Как и все стоящие в строю, Алексей Костров слушает его, и знакомые, казалось бы, известные события приобретают совсем другой смысл.

– «Враг уже захватил Ворошиловград, Старобельск, Россошь, Купянск, Валуйки, Новочеркасск, Ростов–на–Дону, половину Воронежа…»

И дальше:

– «Часть войск Южного фронта, идя за паникерами, оставила Ростов и Новочеркасск без серьезного сопротивления и без приказа из Москвы, покрыв свои знамена позором…»

Эти слова словно в грудь толкают Кострова. И, хотя он не воевал под Ростовом, ему становится до жути стыдно и за себя, и за стоящих рядом с ним, и за всех тех, кто имеет сейчас оружие. Но читающий не останавливается, и предчувствие чего–то страшного, что скажет сейчас Гребенников, охватывает Кострова.

И вот оно наступило:

– «Население нашей страны, с любовью и уважением относящееся к Красной Армии, начинает разочаровываться в ней, теряет веру в Красную Армию, а многие из них проклинают Красную Армию за то, что она отдает наш народ под ярмо немецких угнетателей, а сама утекает на восток».

Эти слова поражают стоящих тяжестью правды. До сих пор каждый из них в душе понимал это, но даже самому себе никто так открыто, так беспощадно прямо и резко не смел говорить.

– «Некоторые неумные люди на фронте утешают себя разговорами о том, что мы можем и дальше отступать на восток, так как у нас много территории, много земли, много населения и что хлеба у нас всегда будет в избытке… Но такие разговоры являются насквозь фальшивыми и ложными, выгодными лишь врагам… Отступать дальше – значит загубить себя и загубить вместе с тем нашу Родину…»

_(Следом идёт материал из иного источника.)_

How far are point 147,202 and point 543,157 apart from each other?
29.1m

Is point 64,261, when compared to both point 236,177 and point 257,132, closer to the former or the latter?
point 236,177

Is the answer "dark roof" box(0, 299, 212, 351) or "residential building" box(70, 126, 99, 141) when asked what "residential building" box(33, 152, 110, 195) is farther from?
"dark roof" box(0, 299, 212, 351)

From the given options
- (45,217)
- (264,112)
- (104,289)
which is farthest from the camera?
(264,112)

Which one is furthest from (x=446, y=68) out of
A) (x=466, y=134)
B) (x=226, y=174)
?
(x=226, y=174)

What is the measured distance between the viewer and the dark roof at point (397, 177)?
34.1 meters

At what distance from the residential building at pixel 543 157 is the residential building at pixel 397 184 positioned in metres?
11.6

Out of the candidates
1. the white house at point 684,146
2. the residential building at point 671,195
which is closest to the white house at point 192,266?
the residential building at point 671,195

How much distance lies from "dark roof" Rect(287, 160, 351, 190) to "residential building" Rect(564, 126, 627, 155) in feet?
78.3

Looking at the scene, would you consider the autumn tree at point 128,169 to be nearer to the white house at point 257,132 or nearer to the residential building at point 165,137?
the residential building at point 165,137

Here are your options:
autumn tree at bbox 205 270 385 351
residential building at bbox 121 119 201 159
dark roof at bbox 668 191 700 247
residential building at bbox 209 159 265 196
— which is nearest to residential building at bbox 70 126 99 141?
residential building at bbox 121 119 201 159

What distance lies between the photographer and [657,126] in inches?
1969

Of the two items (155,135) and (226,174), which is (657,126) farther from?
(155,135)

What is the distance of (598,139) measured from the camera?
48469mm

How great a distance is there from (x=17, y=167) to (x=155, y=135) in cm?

Гребенников переворачивает страницу, и стоящие впереди видят, как у него дрожат пальцы. От волнения он долго не может управиться с тонким листом. В наступившей тишине слышно, как надсадно бьется, хлопает под ветром где–то сверху сосновая кора.

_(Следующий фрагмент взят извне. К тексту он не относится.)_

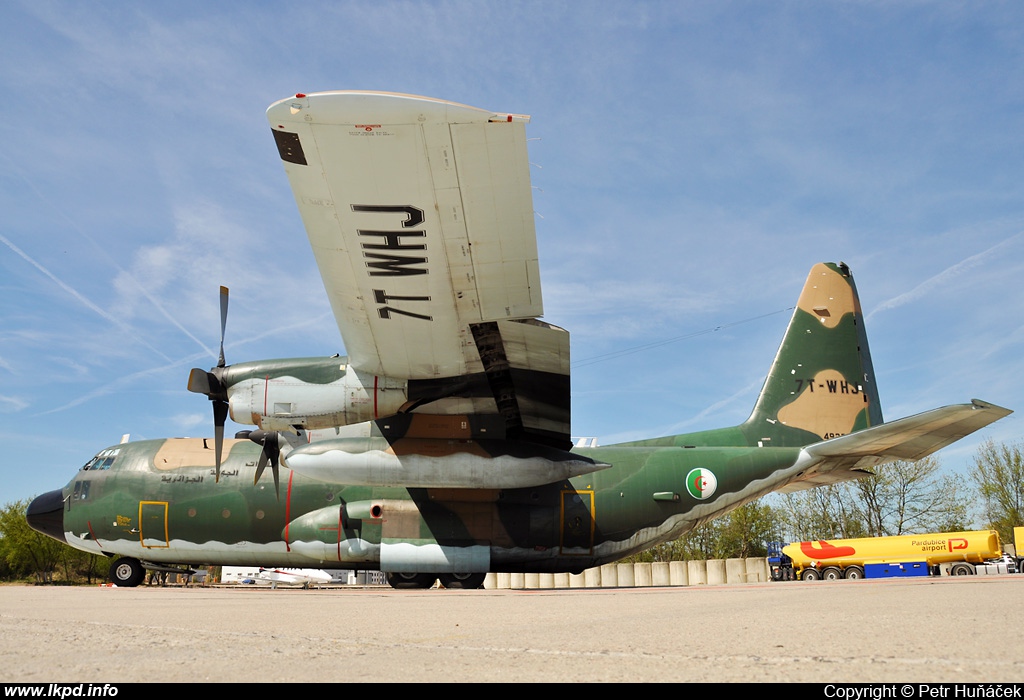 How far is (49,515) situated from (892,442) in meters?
19.0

Минута паузы становилась тягостной.

«Что же там дальше? – думает Костров, – Какой же выход укажут?»

Гребенников продолжает:

– «Из этого следует, что пора кончать отступление. Ни шагу назад! Таким теперь должен быть наш главный призыв. Надо упорно, до последней капли крови защищать каждую позицию, каждый метр советской территории, цепляясь за каждый клочок советской земли, и отстаивать его до последней возможности.

Наша Родина переживает тяжелые дни. Мы должны остановить, а затем отбросить и разгромить врага, чего бы это ни стоило. Немцы не так сильны, как это кажется паникерам. Они напрягают последние силы. Выдержать их удар сейчас, в ближайшие несколько месяцев, – это значит обеспечить за нами победу…

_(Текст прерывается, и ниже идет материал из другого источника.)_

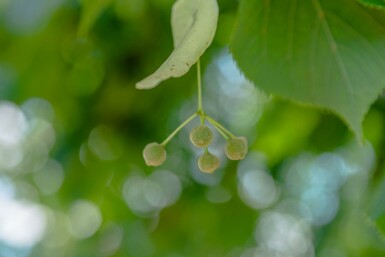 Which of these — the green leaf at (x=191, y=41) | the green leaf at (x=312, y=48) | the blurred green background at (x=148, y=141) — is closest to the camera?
the green leaf at (x=191, y=41)

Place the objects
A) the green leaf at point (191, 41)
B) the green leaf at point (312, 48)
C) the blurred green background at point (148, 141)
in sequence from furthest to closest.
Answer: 1. the blurred green background at point (148, 141)
2. the green leaf at point (312, 48)
3. the green leaf at point (191, 41)

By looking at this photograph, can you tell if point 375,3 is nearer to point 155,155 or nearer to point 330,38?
point 330,38

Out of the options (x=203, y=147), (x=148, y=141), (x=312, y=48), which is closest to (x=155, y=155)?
(x=203, y=147)

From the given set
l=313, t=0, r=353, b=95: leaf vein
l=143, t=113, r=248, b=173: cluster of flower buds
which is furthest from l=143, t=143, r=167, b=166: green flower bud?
l=313, t=0, r=353, b=95: leaf vein

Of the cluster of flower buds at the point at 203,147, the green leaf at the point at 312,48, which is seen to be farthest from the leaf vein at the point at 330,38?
the cluster of flower buds at the point at 203,147

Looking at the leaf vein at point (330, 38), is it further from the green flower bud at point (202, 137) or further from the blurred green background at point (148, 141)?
the blurred green background at point (148, 141)

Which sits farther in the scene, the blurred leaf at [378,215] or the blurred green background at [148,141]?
the blurred green background at [148,141]

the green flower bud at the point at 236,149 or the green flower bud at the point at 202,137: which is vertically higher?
the green flower bud at the point at 202,137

Нельзя терпеть дальше командиров, комиссаров, политработников, части и соединения которых самовольно оставляют боевые позиции. Нельзя терпеть дальше, когдц командиры, комиссары и политработники допускают, чтобы несколько паникеров определяли положение на поле боя, чтобы они увлекали в отступление других бойцов и открывали фронт врагу.

Паникеры и трусы должны истребляться на месте…»

Повиделся Кострову тот самый паникер, искавший неделю назад переправу у хутора Яблонского. С растрепанными волосами, в сбившейся и пузырящейся гимнастерке, он кричал, что немецкие танки вот–вот подойдут сюда и что если здесь нет переправы, то всему конец. Его пытались успокоить, но он бегал и кричал, что все предатели, ничего не понимают, а он не хочет гибнуть из–за каких–то идиотов!

– «Верховное Главнокомандование Красной Армии приказывает:

…безусловно ликвидировать отступательные настроения в войсках…

…безусловно снимать с поста и направлять в Ставку для привлечения военному суду… допустивших самовольный отход войск с занимаемых позиций, без приказа высшего командования фронта…»

Крепче сжались зубы у Кострова. «Так им и надо, паникерам!» – подумал он.

А железный голос комиссара гремел:

– «…расстреливать на месте паникеров и трусов и тем помочь честным бойцам дивизии выполнить свой долг перед Родиной…

Приказ прочесть во всех ротах, эскадронах, батареях, эскадрильях, командах, штабах.

Народный комиссар обороны И. Сталин».

Иван Мартынович замолчал, медленно обвел строй тяжелыми глазами, в них держались печаль и суровость. «Поняли?» – будто спрашивал его взгляд. Солдаты молчали, каждый мысленно окидывал всю огромную линию фронта.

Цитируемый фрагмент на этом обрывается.